The copy should hold exactly the lines below from the one that contains "Girls Bow Decor" through the one that contains "Navajo Ring 925" and nothing else, so no pictures.

Extracted information:
▬▬▬▬▬▬
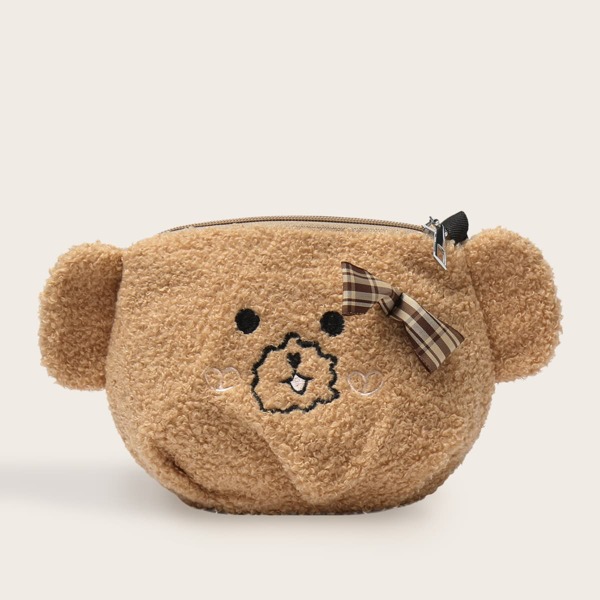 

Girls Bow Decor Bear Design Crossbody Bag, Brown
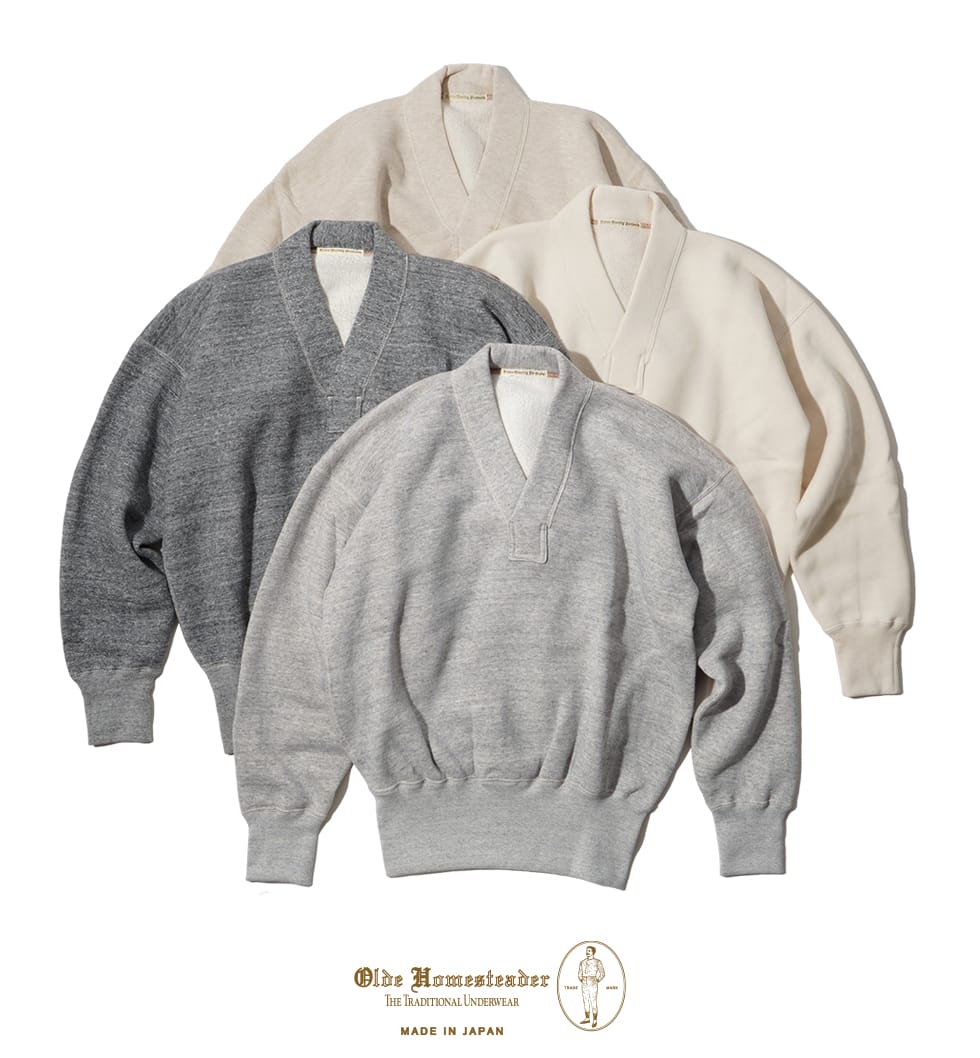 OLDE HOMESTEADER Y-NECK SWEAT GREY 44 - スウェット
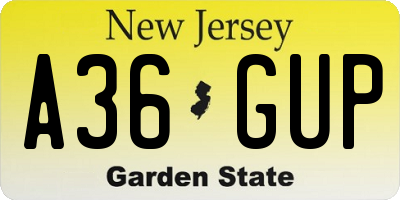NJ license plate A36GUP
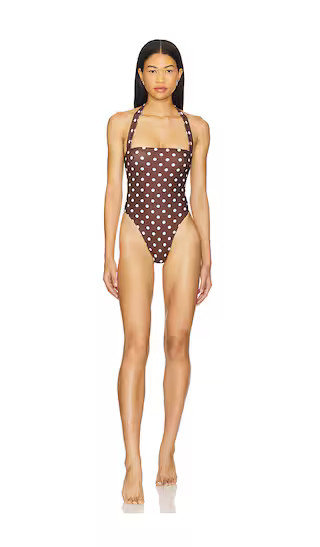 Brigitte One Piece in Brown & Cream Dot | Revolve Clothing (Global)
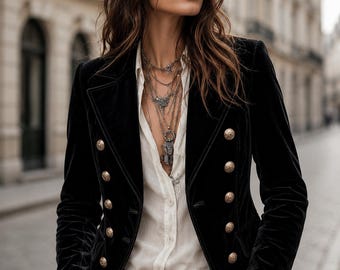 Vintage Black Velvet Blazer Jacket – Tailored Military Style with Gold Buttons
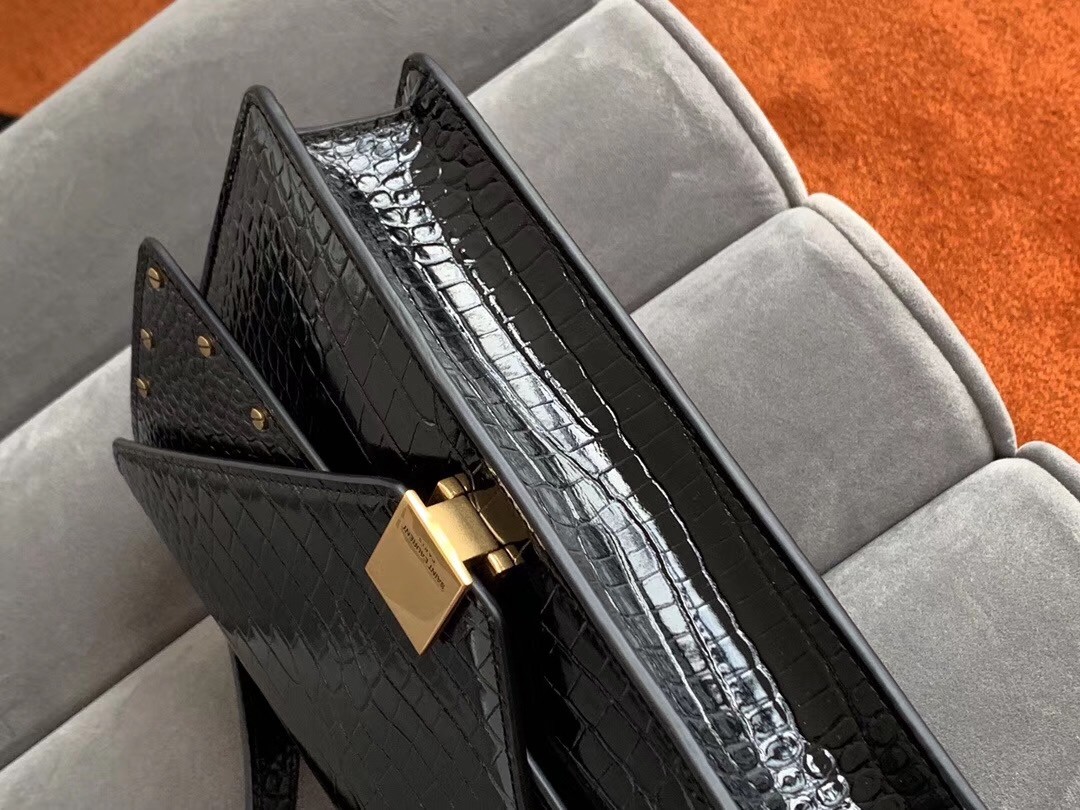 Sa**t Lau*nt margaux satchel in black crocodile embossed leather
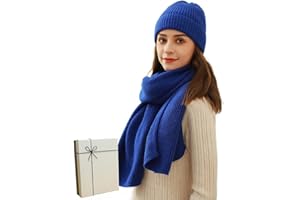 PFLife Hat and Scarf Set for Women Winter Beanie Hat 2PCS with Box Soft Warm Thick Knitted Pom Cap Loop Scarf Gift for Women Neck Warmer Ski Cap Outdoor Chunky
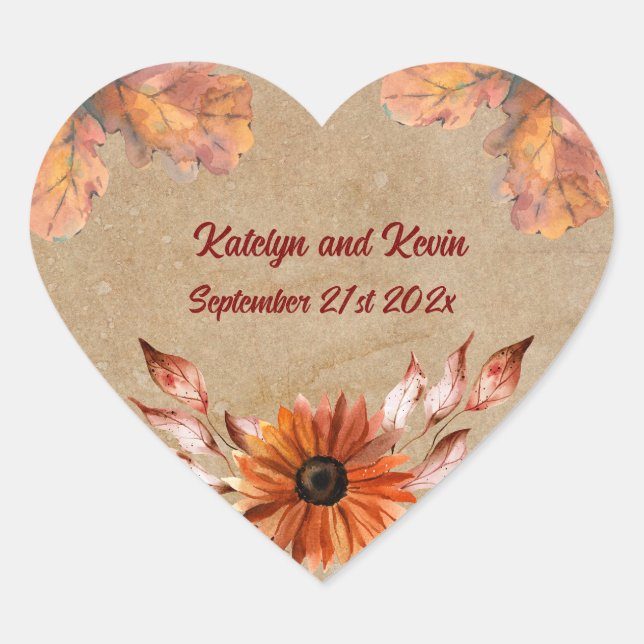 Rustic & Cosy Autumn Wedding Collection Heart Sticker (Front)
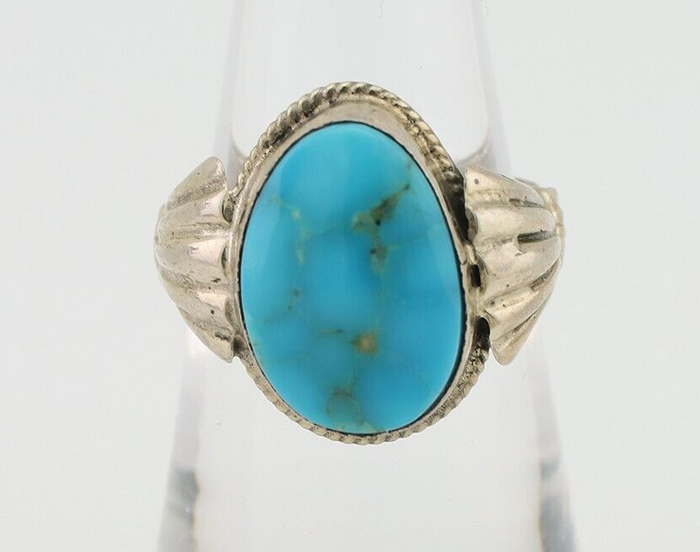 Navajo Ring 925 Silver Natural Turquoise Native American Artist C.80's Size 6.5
▬▬▬▬▬▬
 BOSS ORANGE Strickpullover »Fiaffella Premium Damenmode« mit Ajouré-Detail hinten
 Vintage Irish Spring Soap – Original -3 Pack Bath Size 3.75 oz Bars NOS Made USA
▬▬▬▬▬▬
Your response:
Girls Bow Decor Bear Design Crossbody Bag, Brown
 OLDE HOMESTEADER Y-NECK SWEAT GREY 44 - スウェット
NJ license plate A36GUP
 Brigitte One Piece in Brown & Cream Dot | Revolve Clothing (Global)
 Vintage Black Velvet Blazer Jacket – Tailored Military Style with Gold Buttons
 Sa**t Lau*nt margaux satchel in black crocodile embossed leather
 PFLife Hat and Scarf Set for Women Winter Beanie Hat 2PCS with Box Soft Warm Thick Knitted Pom Cap Loop Scarf Gift for Women Neck Warmer Ski Cap Outdoor Chunky
 Rustic & Cosy Autumn Wedding Collection Heart Sticker (Front)
 Navajo Ring 925 Silver Natural Turquoise Native American Artist C.80's Size 6.5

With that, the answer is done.